Akira’s Machine Learning News — Issue #35

Featured Paper/News in This Week.

— — — — — — — — — — — — — — — — — — –

In the following sections, I will introduce various articles and papers not only on the above contents but also on the following five topics.

  1. Featured Paper/News in This Week
  2. Machine Learning Use Case
  3. Papers
  4. Articles related to machine learning technology

— — — — — — — — — — — — — — — — — — –

1. Featured Paper/News in This Week

Learning ViT by hiding the image with a mask and restoring itarxiv.org

[2111.06377] Masked Autoencoders Are Scalable Vision Learners
They propose MAE (Masked Autoencoders) that can achieve 87.8% on ImageNet alone by masking images and restoring them through self-supervised learning, even though it uses ViT-based models. The proposed method hides most of the image (e.g., 75%) and learns to restore it, and shows higher performance than existing self-supervised learning methods such as DINO and MoCo v3.

A model that combines autoregressive and diffusion modelsarxiv.org

[2110.02037] Autoregressive Diffusion Models
Proposed ARDMs (AutoreRressive Diffusion Models), a combination of autoregressive and diffusion models. Unlike autoregressive models, which regress from top-left to bottom-right sequentially, ARDMs are trained to reproduce randomly selected points from the input, which may be similar to BERT’s masked language models.

— — — — — — — — — — — — — — — — — — –

2. Machine Learning use case

Protecting Sexual Minorities with Voice Conversion Using Deep Fakewww.wired.com

Transgender people can be harassed for voice and gender mismatch, but using Deep Fake for voice conversion can prevent such harassment. This will make it easier for sexual minorities to participate in the online community, which has been difficult for them to do so.

Crossing Language Barriers with Multilingual Model Chatbotsventurebeat.com

This is an introduction to a chatbot developed by Moveworks that uses a multilingual language model. In a global company, this means that people who speak different languages can receive support without having to set up support centers in different countries.
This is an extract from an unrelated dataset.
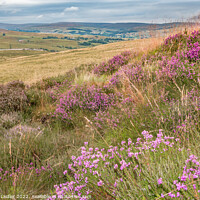 Buy canvas prints of Bell Heather on Harker Hill, Teesdale by Richard Laidler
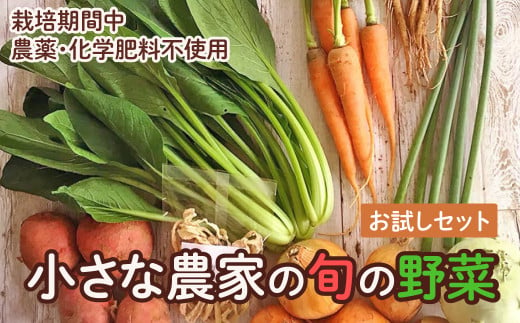 旬の野菜セット 野菜3～4品　お試し　野菜 野菜詰め合わせ おまかせ 新鮮 旬の野菜 愛知県 豊橋市 1886106 - 愛知県豊橋市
— — — — — — — — — — — — — — — — — — –

3. Machine Learning Papers

Validating table data with various deep learning modelsarxiv.org

[2106.11959] Revisiting Deep Learning Models for Tabular Data
A study that tested various deep learning models on table data, showing that ResNet-based models are strong and that FT-Transformer, which tokenizes features, is a good baseline, but is not significantly superior to GBDT-based methods.

Tip-Adapter for Few-shot learning without learningarxiv.org

[2111.03930] Tip-Adapter: Training-free CLIP-Adapter for Better Vision-Language Modeling
By improving the CLIP-Adapter, they proposed a Tip-Adapter that performs few-shot learning without updating parameters. The similarity between the test image and the Few-shot dataset is measured, and the output of the category is based on the similarity and the text information.

A method that can be directly applied to existing object detection methods to improve the accuracy.arxiv.org

[2111.03056] Bootstrap Your Object Detector via Mixed Training
Proposes MixTraining, which replaces existing GT labels with high confidence prediction in object detection, and controls the strength of data augmentation depending on the difficulty of the sample. It can be directly applied to existing object detection methods to improve the accuracy.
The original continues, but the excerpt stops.